Yes, the original hatches worked for Perlan 2 to 54,000 feet. But the team wanted perfect hatches made to exactly fit the contour of the fuselage openings. The best description of the hatch shape is a Pringle's potato chip. 3-D curvature - both compound and complex. Once the new front hatch was proved a success (see http://perlanproject.org/blog/perlan-2-perfect-pressurization-test ), Greg Scates started on the new rear hatch.
Greg (composites expert) made a splash from the rear cockpit opening. Then he created a tool using that precise curvature. Mike Malis (aviation and composites engineer) had run the numbers to calculate how many plies of carbon fiber were required for the desired strength. Mike and Greg worked together when possible. The outer ring was cured in the oven, just like the front hatch.
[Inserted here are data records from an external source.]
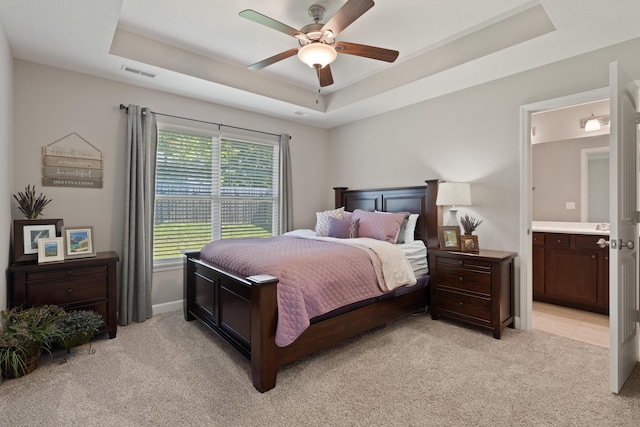 5817 Geyser Blvd, Columbia, MO 65202 - bedroom with a raised ceiling, light carpet, ensuite bathroom, ceiling fan, and baseboards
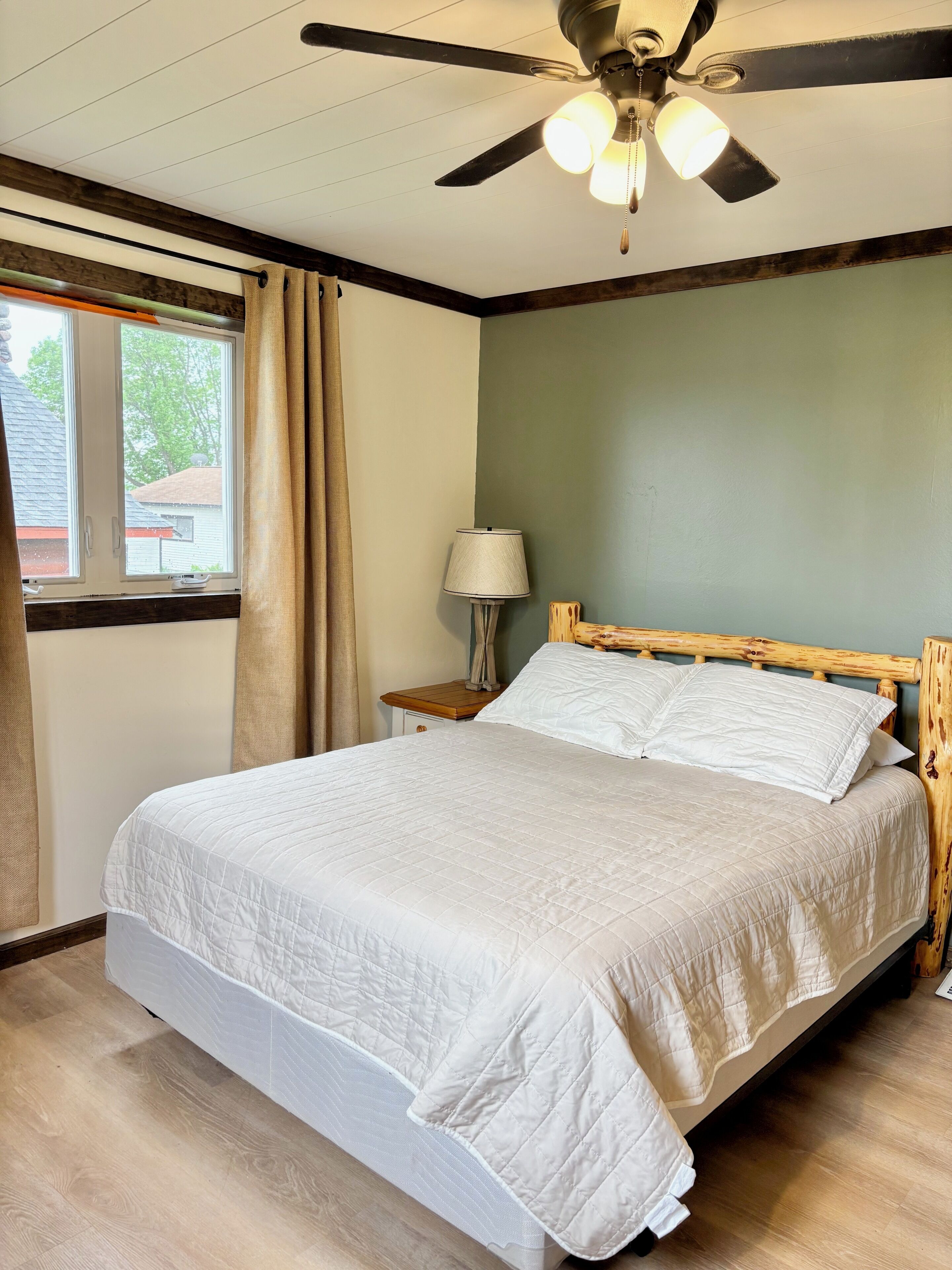 A bedroom with a bed, a ceiling fan, a window with curtains, and a nightstand with a lamp.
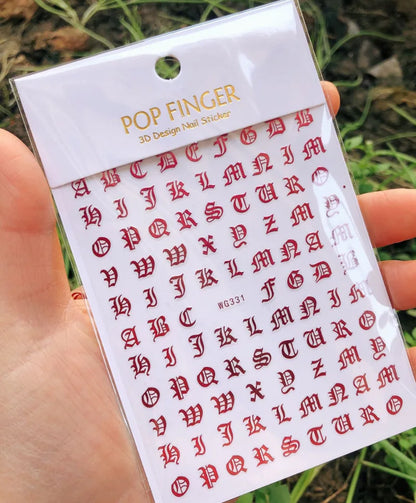 Black Old English font nail art stickers with alphabet letters, gothic style, for decorative nail transfers by Blushimmer.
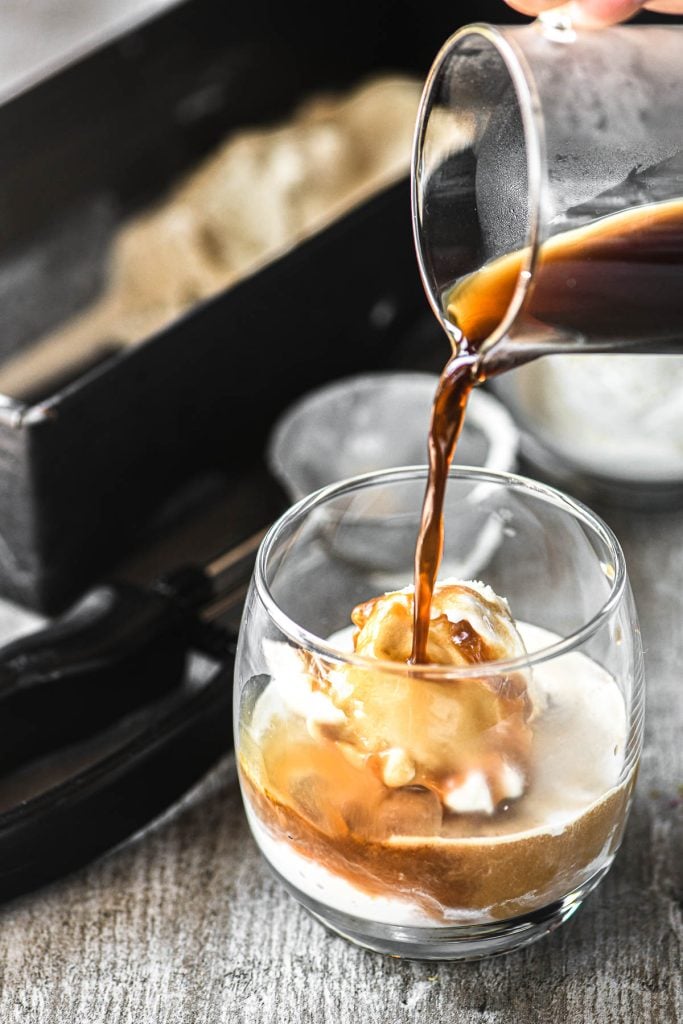 pouring a shot of espresso over cardamom affogato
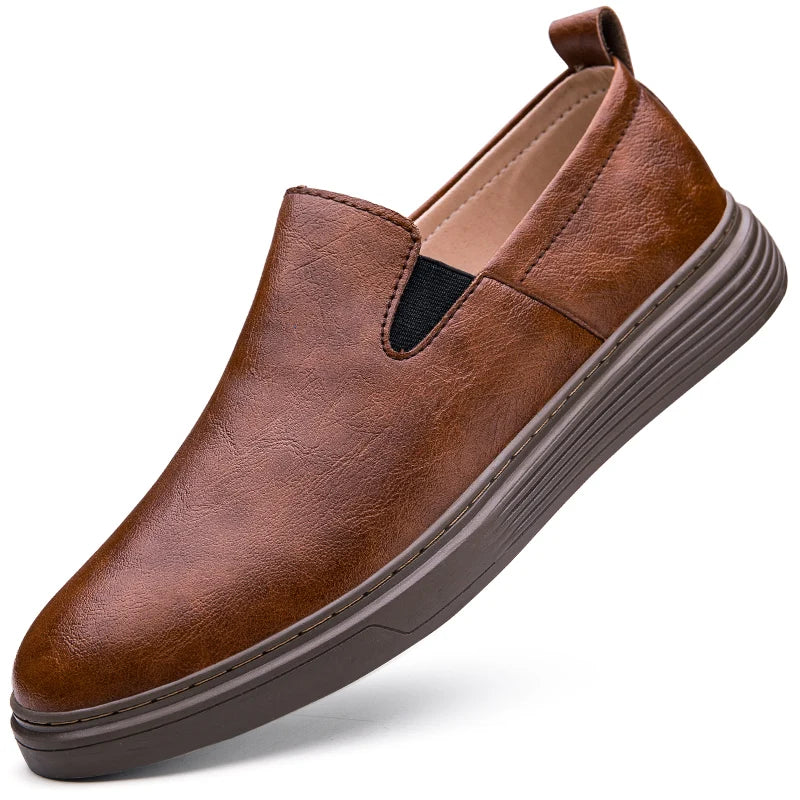 Duke Leather Slip-On Shoes in brown, featuring genuine leather, cushioned sole, and elastic side panels for easy wear.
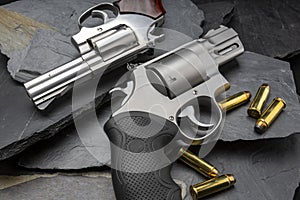 Revolver handguns on black stone background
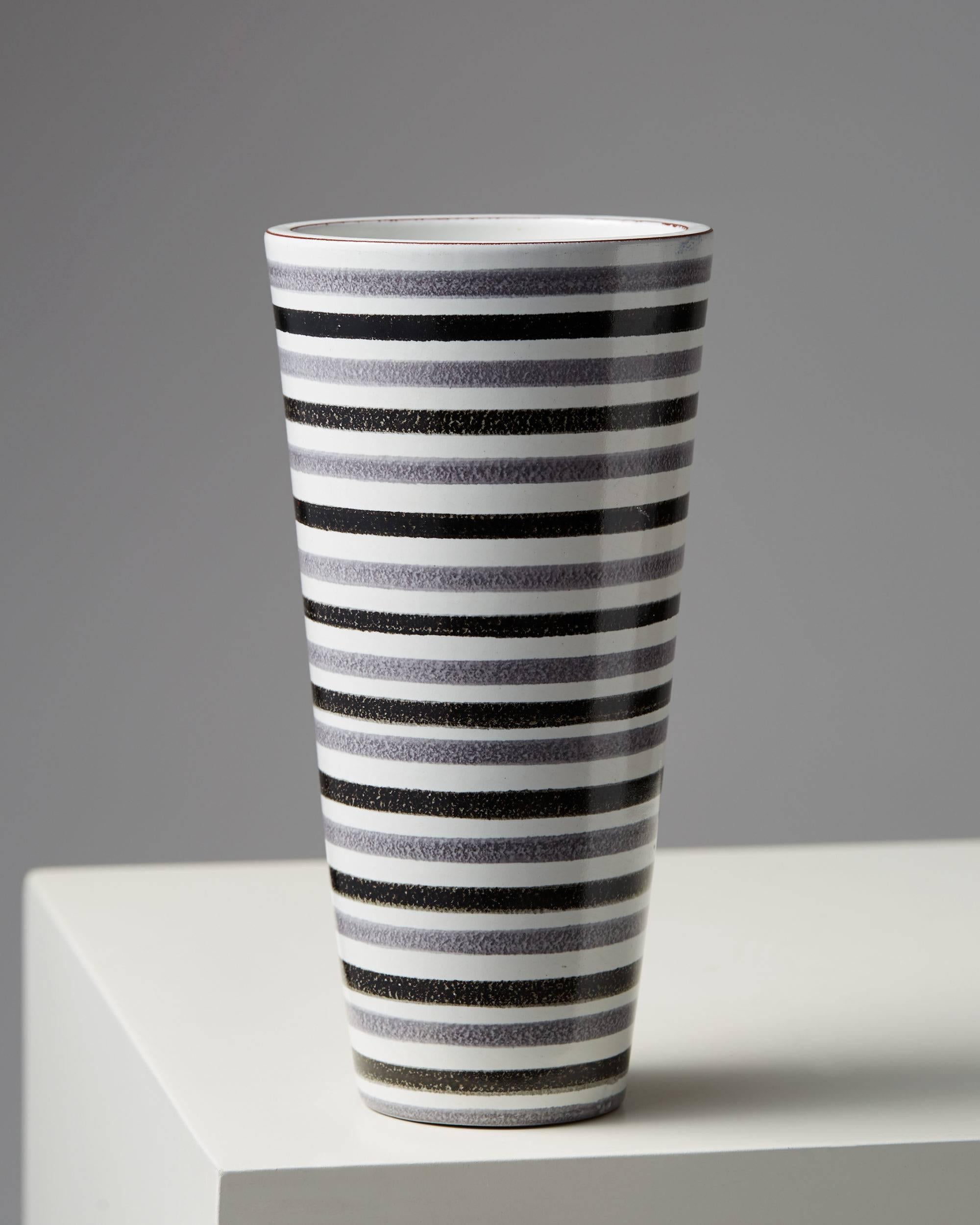 Vase designed by Stig Lindberg for Gustavsberg, Sweden. 1950s.

Measures: H: 21.5 cm/ 8 1/2''.
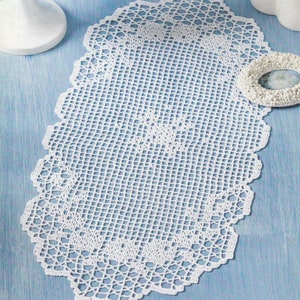 Pode incluir: Doily oval de crochê branco com um delicado padrão de renda. O doily é feito com um fio fino e tem uma borda festonada.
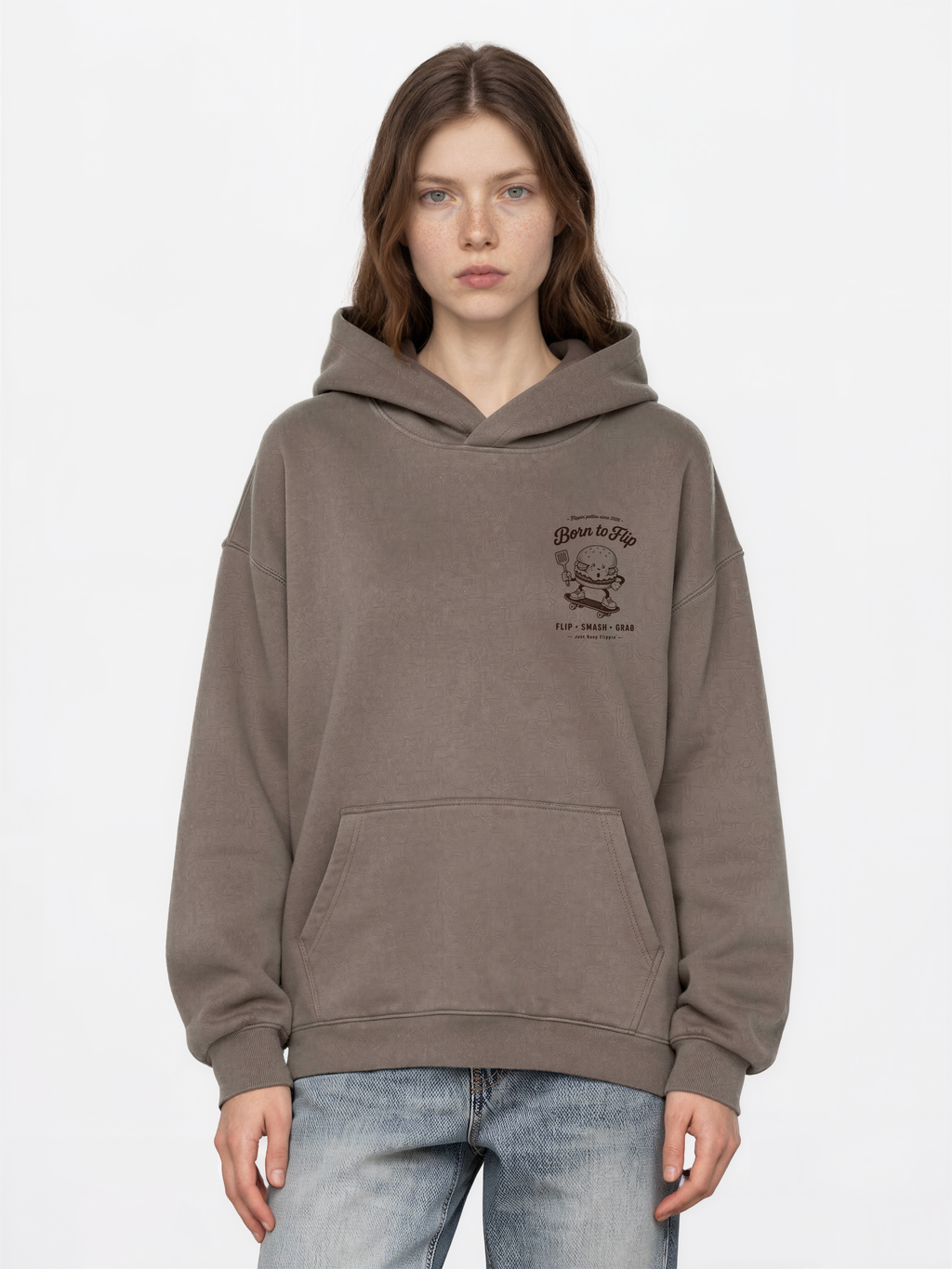 Female model wearing the Born to Flip taupe oversized hoodie, front view with small brown burger artwork on the left chest.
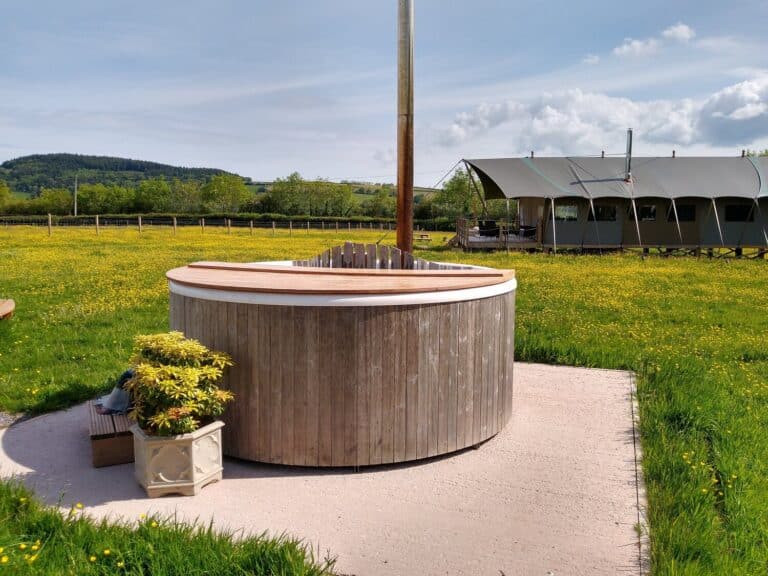 Wood-fired hot tub in a buttercup meadow with a safari tent behind, Somerset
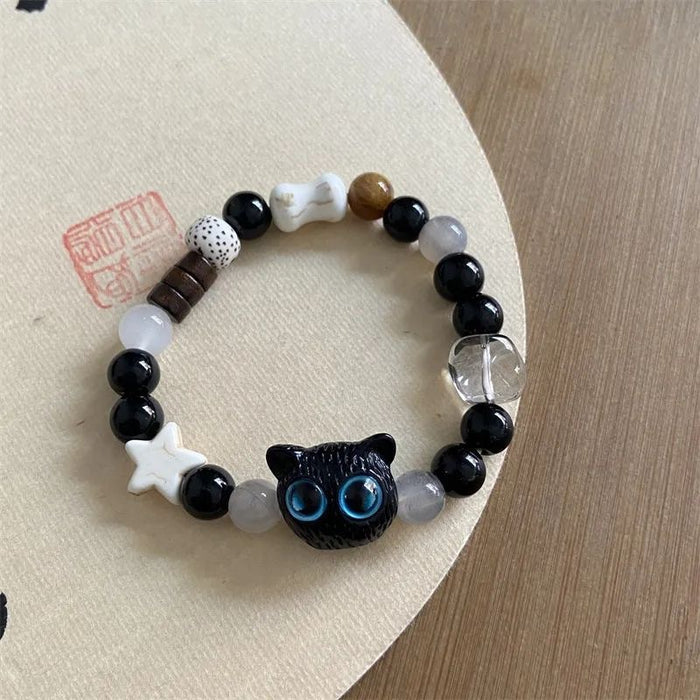 Wholesale Cat ceramic woven rope bracelet with niche design and colorful tassel bracelet accessories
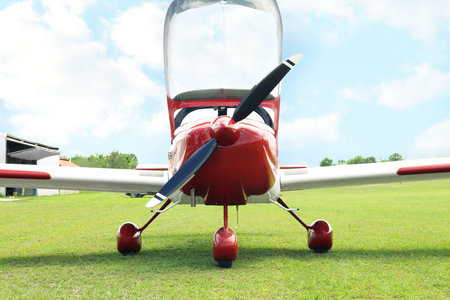 New ultralight aircraft on green grass outdoors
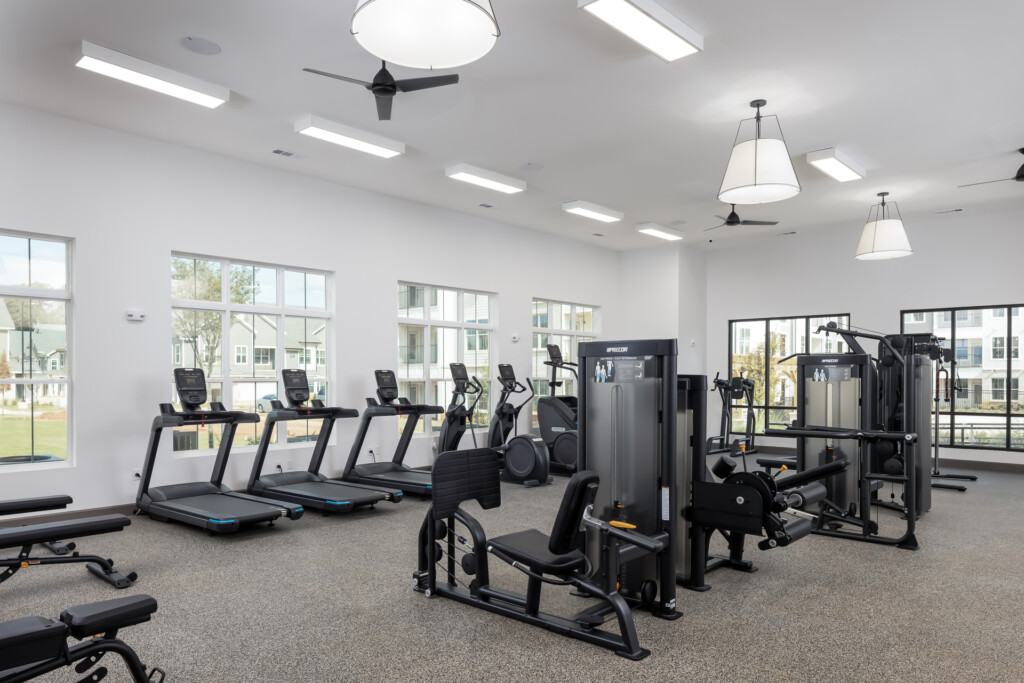 Bright fitness center with rows of treadmills, exercise machines, pendant lighting, and large windows overlooking landscaped grounds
Then it was time to place the outer transparency (window) into the ring. More calculations. Jim Payne was able to join this step of cutting 5 layers of quarter circle arcs out of carbon fiber. Greg put them all in place and cured the outer ring again. Finally an inner ring was made to hold the inner transparency. Like most homes have dual paned windows to conserve heat, so does Perlan 2.
Tim was able to pick up Greg and Mike's second hatch masterpiece and bring it to Minden. Kelly Rosser will use the special paint (pearlesent of course since Perlan means pearl in Scandanavian.) Perlan Project is named after the extremely high altitude clouds which shimmer pearlesent.